■ **Available data**
════════
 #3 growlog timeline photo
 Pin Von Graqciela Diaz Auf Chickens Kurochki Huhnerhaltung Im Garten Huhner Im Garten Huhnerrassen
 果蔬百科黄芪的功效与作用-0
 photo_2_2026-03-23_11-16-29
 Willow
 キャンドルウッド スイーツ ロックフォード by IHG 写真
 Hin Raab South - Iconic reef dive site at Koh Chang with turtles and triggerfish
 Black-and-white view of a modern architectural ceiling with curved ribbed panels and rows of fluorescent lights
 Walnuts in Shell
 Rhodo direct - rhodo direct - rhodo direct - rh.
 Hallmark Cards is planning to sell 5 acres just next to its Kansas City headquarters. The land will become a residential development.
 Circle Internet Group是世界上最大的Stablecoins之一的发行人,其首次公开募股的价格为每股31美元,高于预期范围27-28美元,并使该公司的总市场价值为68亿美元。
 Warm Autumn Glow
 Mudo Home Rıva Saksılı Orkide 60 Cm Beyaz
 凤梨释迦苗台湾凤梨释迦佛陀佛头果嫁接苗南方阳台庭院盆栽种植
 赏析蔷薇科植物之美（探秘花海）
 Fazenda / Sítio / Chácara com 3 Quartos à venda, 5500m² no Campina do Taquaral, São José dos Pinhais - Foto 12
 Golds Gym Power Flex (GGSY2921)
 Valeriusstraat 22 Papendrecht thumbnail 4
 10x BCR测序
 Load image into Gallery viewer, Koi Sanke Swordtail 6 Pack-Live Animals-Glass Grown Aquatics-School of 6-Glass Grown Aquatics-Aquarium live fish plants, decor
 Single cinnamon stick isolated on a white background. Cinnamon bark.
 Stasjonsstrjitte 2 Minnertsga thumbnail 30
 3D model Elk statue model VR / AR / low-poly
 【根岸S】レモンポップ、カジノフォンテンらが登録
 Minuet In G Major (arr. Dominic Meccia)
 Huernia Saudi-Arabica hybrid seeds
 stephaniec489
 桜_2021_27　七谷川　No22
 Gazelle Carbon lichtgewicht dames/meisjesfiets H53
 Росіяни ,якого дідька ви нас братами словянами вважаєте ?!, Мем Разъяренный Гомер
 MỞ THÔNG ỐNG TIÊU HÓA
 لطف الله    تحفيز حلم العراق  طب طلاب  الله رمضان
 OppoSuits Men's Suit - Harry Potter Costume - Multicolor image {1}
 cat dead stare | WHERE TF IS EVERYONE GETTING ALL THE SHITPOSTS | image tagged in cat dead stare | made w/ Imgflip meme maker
════════
■ **Brief**
Leave out every line before the one containing "Росіяни ,якого дідька"; set down that line and all remaining lines of the material exactly.

■ **Response**
 Росіяни ,якого дідька ви нас братами словянами вважаєте ?!, Мем Разъяренный Гомер
 MỞ THÔNG ỐNG TIÊU HÓA
 لطف الله    تحفيز حلم العراق  طب طلاب  الله رمضان
 OppoSuits Men's Suit - Harry Potter Costume - Multicolor image {1}
 cat dead stare | WHERE TF IS EVERYONE GETTING ALL THE SHITPOSTS | image tagged in cat dead stare | made w/ Imgflip meme maker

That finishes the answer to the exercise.